┌──
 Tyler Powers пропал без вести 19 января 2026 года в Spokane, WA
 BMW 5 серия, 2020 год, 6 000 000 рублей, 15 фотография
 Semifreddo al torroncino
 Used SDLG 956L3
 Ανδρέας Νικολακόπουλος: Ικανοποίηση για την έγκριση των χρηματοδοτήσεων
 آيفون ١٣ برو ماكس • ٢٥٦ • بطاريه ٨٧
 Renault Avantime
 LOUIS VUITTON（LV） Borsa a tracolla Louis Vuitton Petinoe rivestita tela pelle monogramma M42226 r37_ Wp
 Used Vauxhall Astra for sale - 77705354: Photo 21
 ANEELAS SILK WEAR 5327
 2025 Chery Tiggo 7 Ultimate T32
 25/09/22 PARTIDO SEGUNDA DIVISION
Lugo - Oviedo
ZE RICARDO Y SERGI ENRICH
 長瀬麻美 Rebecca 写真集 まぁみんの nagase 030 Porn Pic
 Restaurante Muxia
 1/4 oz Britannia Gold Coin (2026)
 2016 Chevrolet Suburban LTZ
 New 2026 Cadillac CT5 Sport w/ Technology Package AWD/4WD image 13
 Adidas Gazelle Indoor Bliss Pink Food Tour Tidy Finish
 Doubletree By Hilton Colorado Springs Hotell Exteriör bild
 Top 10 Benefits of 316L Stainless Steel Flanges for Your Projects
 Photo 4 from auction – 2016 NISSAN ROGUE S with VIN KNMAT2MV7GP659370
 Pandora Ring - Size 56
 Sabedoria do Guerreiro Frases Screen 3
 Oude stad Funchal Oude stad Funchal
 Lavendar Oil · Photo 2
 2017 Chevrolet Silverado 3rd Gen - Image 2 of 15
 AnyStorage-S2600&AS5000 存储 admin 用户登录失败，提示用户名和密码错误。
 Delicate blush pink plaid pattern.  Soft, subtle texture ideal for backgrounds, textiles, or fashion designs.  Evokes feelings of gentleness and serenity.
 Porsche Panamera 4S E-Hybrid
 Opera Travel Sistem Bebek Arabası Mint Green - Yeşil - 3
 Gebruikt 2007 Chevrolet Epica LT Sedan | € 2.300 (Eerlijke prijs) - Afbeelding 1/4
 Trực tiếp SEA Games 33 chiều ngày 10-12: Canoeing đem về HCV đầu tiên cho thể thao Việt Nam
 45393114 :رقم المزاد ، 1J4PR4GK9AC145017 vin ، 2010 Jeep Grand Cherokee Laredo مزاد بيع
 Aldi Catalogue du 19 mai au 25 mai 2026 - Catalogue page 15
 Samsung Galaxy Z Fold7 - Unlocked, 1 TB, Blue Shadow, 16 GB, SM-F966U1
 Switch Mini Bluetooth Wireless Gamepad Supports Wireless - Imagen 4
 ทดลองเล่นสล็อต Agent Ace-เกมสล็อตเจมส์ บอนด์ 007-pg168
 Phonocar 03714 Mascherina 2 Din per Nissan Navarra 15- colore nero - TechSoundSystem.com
└──
» Task brief
Retype each line of the listing exactly as it was given above.

» Task result
 Tyler Powers пропал без вести 19 января 2026 года в Spokane, WA
 BMW 5 серия, 2020 год, 6 000 000 рублей, 15 фотография
 Semifreddo al torroncino
 Used SDLG 956L3
 Ανδρέας Νικολακόπουλος: Ικανοποίηση για την έγκριση των χρηματοδοτήσεων
 آيفون ١٣ برو ماكس • ٢٥٦ • بطاريه ٨٧
 Renault Avantime
 LOUIS VUITTON（LV） Borsa a tracolla Louis Vuitton Petinoe rivestita tela pelle monogramma M42226 r37_ Wp
 Used Vauxhall Astra for sale - 77705354: Photo 21
 ANEELAS SILK WEAR 5327
 2025 Chery Tiggo 7 Ultimate T32
 25/09/22 PARTIDO SEGUNDA DIVISION
Lugo - Oviedo
ZE RICARDO Y SERGI ENRICH
 長瀬麻美 Rebecca 写真集 まぁみんの nagase 030 Porn Pic
 Restaurante Muxia
 1/4 oz Britannia Gold Coin (2026)
 2016 Chevrolet Suburban LTZ
 New 2026 Cadillac CT5 Sport w/ Technology Package AWD/4WD image 13
 Adidas Gazelle Indoor Bliss Pink Food Tour Tidy Finish
 Doubletree By Hilton Colorado Springs Hotell Exteriör bild
 Top 10 Benefits of 316L Stainless Steel Flanges for Your Projects
 Photo 4 from auction – 2016 NISSAN ROGUE S with VIN KNMAT2MV7GP659370
 Pandora Ring - Size 56
 Sabedoria do Guerreiro Frases Screen 3
 Oude stad Funchal Oude stad Funchal
 Lavendar Oil · Photo 2
 2017 Chevrolet Silverado 3rd Gen - Image 2 of 15
 AnyStorage-S2600&AS5000 存储 admin 用户登录失败，提示用户名和密码错误。
 Delicate blush pink plaid pattern.  Soft, subtle texture ideal for backgrounds, textiles, or fashion designs.  Evokes feelings of gentleness and serenity.
 Porsche Panamera 4S E-Hybrid
 Opera Travel Sistem Bebek Arabası Mint Green - Yeşil - 3
 Gebruikt 2007 Chevrolet Epica LT Sedan | € 2.300 (Eerlijke prijs) - Afbeelding 1/4
 Trực tiếp SEA Games 33 chiều ngày 10-12: Canoeing đem về HCV đầu tiên cho thể thao Việt Nam
 45393114 :رقم المزاد ، 1J4PR4GK9AC145017 vin ، 2010 Jeep Grand Cherokee Laredo مزاد بيع
 Aldi Catalogue du 19 mai au 25 mai 2026 - Catalogue page 15
 Samsung Galaxy Z Fold7 - Unlocked, 1 TB, Blue Shadow, 16 GB, SM-F966U1
 Switch Mini Bluetooth Wireless Gamepad Supports Wireless - Imagen 4
 ทดลองเล่นสล็อต Agent Ace-เกมสล็อตเจมส์ บอนด์ 007-pg168
 Phonocar 03714 Mascherina 2 Din per Nissan Navarra 15- colore nero - TechSoundSystem.com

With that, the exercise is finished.